Does anybody have any good experience with General, Goodyear, or Goodrich All-Season Highway tires? These three are the cheapest at the NTB around here and they're running a 4 for 3 price deal right now.

I need/want quiet, smooth ride with good wet traction. The Conti's I have on now were great for the first 10K miles in the rain but are now starting to get a little squirrley around corners when the roads are wet. They (the Continentals) only have 12K on them, so the tread looks great still. I'm just wondering if anybody could recommend a smooth, CHEAP on-road tire. I don't care about mudding or rock crawling so I don't want the big lug sidewalls.

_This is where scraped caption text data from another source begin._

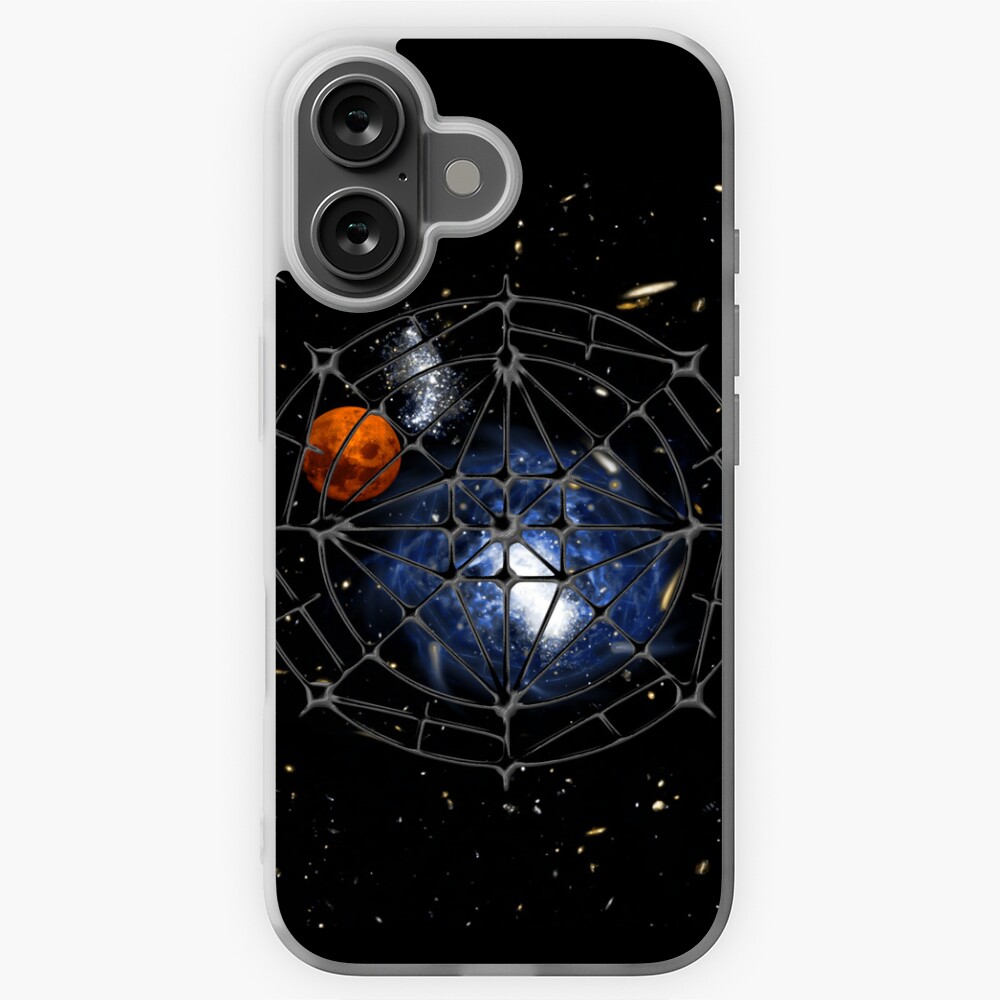 Item preview, iPhone Soft Case designed and sold by Firrle.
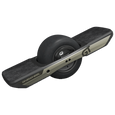 Onewheel GT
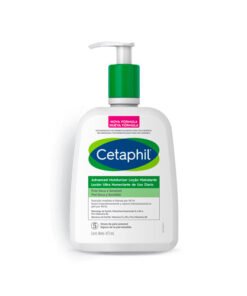 CETAPHIL ULTRA HUMECTANTE FCO X 473 ML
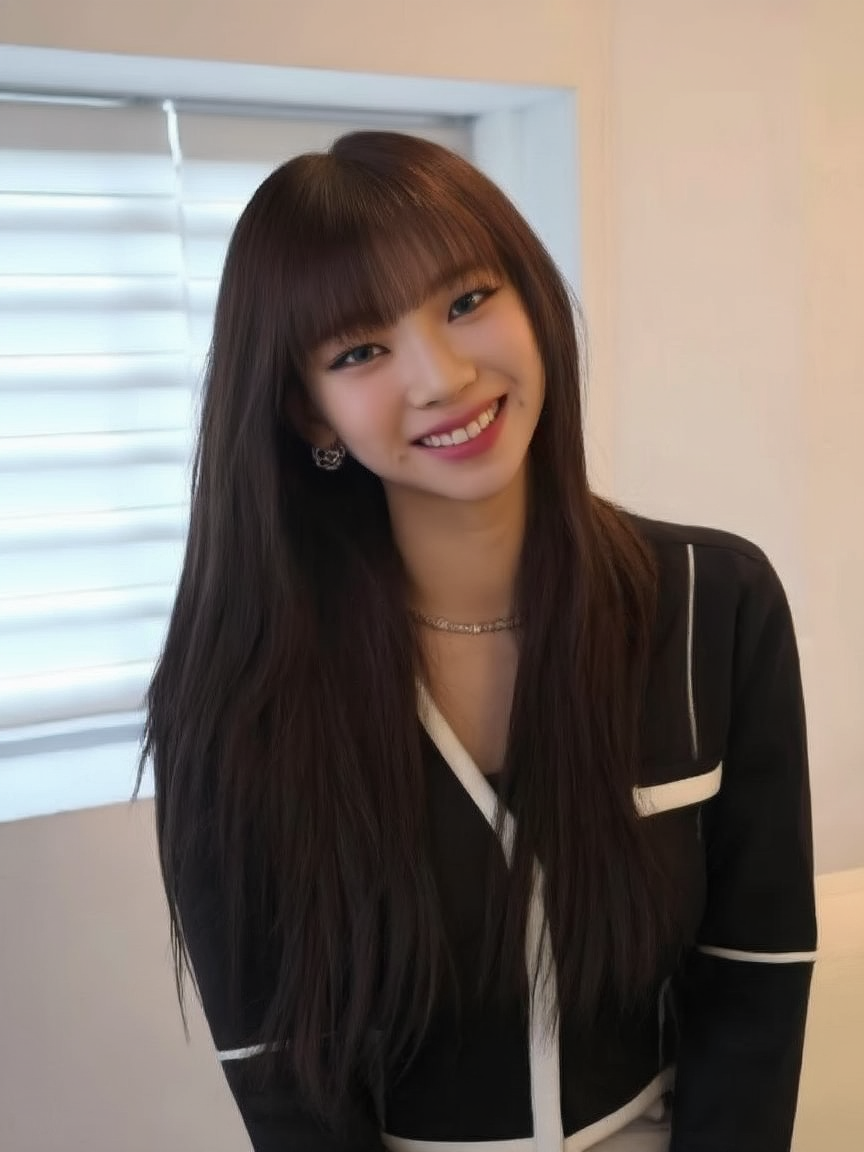 karinah c1-st2000
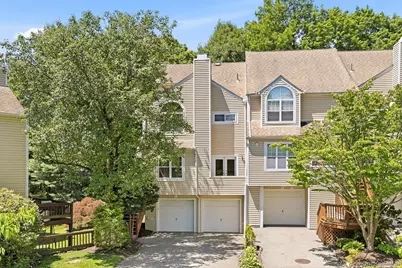 75 W Hartsdale Avenue #3, Hartsdale, NY 10530 - Photo 1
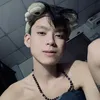 _ku.chinh_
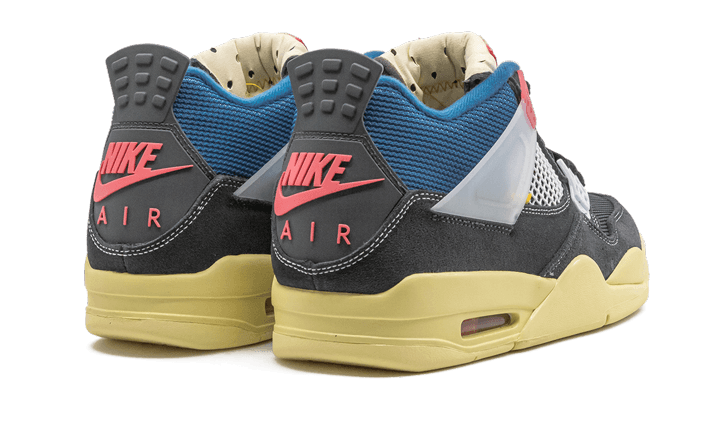 air-jordan-4-retro-union-off-noir-264239_800x.png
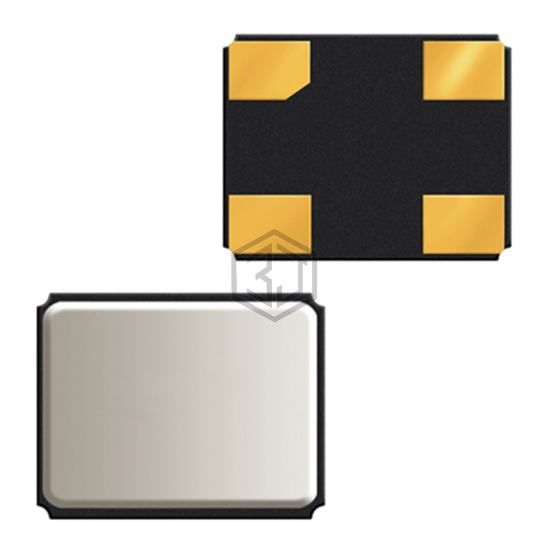 ABM11W-26.0000MHZ-6-B1U-T3 - Abracon LLC - Crystals
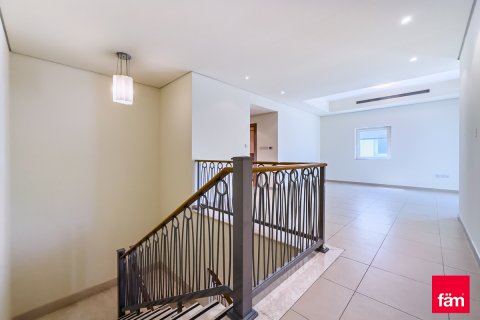 Townhouse sa Al Furjan, Dubai, UAE 3 silid-tulugan, 229.6 sq.m. № 633864 - larawan 7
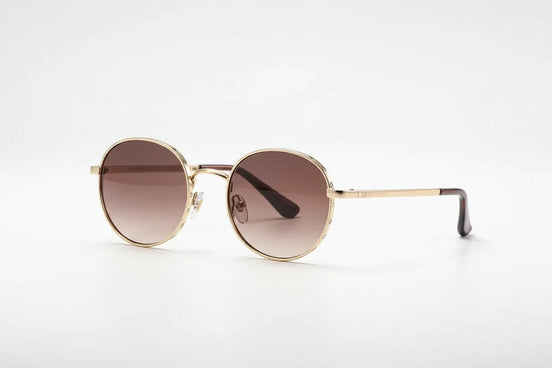 The Elite Square Shades for Men & Woman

This is for a 94 XJ Country that's all stock. BTW the original Wranglers that came on it were the worst rain tire I'd ever experienced.
 
you really didnt say what "cheap" is to you.. so i will tell you to look at the GoodYear Wrangler AT/S .. its a great tire especially in wet and snow.. it has 2 huge water channels around the circumference of the tread. i am on my 2nd set of them on a daily driver and will buy a 3rd set when the time comes.. i run 30s currently but my last set were 235s.. they come in 2 load ratings as well so the lower rated tire is perfect for a D/D and runs about $15 cheaper on www.tirerack.com i think a 235 would run you about $90/ea....

mike
 
All three of the companies you mentioned make several different tires that fit the "All Season" description. It would help if you tell us what tires you're looking at, or if you don't have a tire in mind, what the price range is.

BTW -- If your tires are 225/70R15 it's no surprise the tires look a mite small. The OEM tires were 225/75. Going from 225/70 to 235/75 will be a significant jump, but I think ALL street XJs should ride on 235/75s if not 30x9.50s.
 
Right...I'm looking to spend less than 300 bones all told (mounted and balanced). The General tire is the Amerias, the Goodyear is the Weatherhandler, and I can't remember the name of the Goodrich model.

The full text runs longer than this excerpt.